Re: Postgresql 9.5: Streaming Replication: Secondaries Fail To Start Post WAL Error

From: Mohan NBSPS <mohan(dot)nbs(dot)ont(at)gmail(dot)com>
To: Johannes Truschnigg <johannes(at)truschnigg(dot)info>
Cc: pgsql-admin(at)lists(dot)postgresql(dot)org
Subject: Re: Postgresql 9.5: Streaming Replication: Secondaries Fail To Start Post WAL Error
Date: 2024-05-28 19:24:33
Message-ID: CAPCvfWed_69rS6CbBhNQd8uTCXmK7YJPsgi5BSQ-CZdfFkwXeA@mail.gmail.com
Views: Raw Message | Whole Thread | Download mbox | Resend email
Thread:
Lists: pgsql-admin

On Tue, May 28, 2024 at 3:11 PM Johannes Truschnigg <
johannes(at)truschnigg(dot)info> wrote:

> On Tue, May 28, 2024 at 03:00:23PM -0400, Mohan NBSPS wrote:
> > [...]
> > Thank you Johannes for the advice.
> >
> > We are looking at moving to 16.
> > We did not implement slots to avoid disk space issues on primary
> (possible
> > network disconnect may fill up primary `pg_xlog`).
>
> Yes, replication slots can interrupt your primary.

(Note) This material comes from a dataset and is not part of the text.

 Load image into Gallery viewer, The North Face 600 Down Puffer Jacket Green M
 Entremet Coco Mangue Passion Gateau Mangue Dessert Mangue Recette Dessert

Relying on
> wal_keep_segments alone can kill your replicas. Having a WAL archive can be
> the best of both worlds, but also needs careful monitoring and management.
>
>
> > We have changed the WAL settings to retain more WAL files.
> >
> > Since we have not seen this issue before, (have been running postgresql
> for
> > over 10 years), what kind
> > of scenario would trigger this ?
>
> Every time you interrupt the replication stream (such as when a replica
> reboots, or its postgres master process is stopped), you enter a race
> condition between WAL segments accumulating on the primary, and the
> replication stream to pick up again once the replica is up once more. So
> if,
> during your replica restart, enough WAL was produced to exceed
> wal_keep_segments, the lineage is broken, and the replica cannot ever
> catch up
> again.
>
> Also, the "invalid resource manager" log line you reported *might* hint at
> data corruption in your WAL segments. I think that data checksums and WAL
> compression could both make detection of such conditions more reliable.
>
>
so there was enough disruption or time lag for the current WAL file to go
out out of sync.
why I am saying this is, we do a lot of O/S patches and reboots over all
these years disrupting
the primary/secondary server.
however the robustness of postgres seems to reveal itself by recovering and
working without issue.

Thank you again.
I will take those recommendations into consideration for implementation.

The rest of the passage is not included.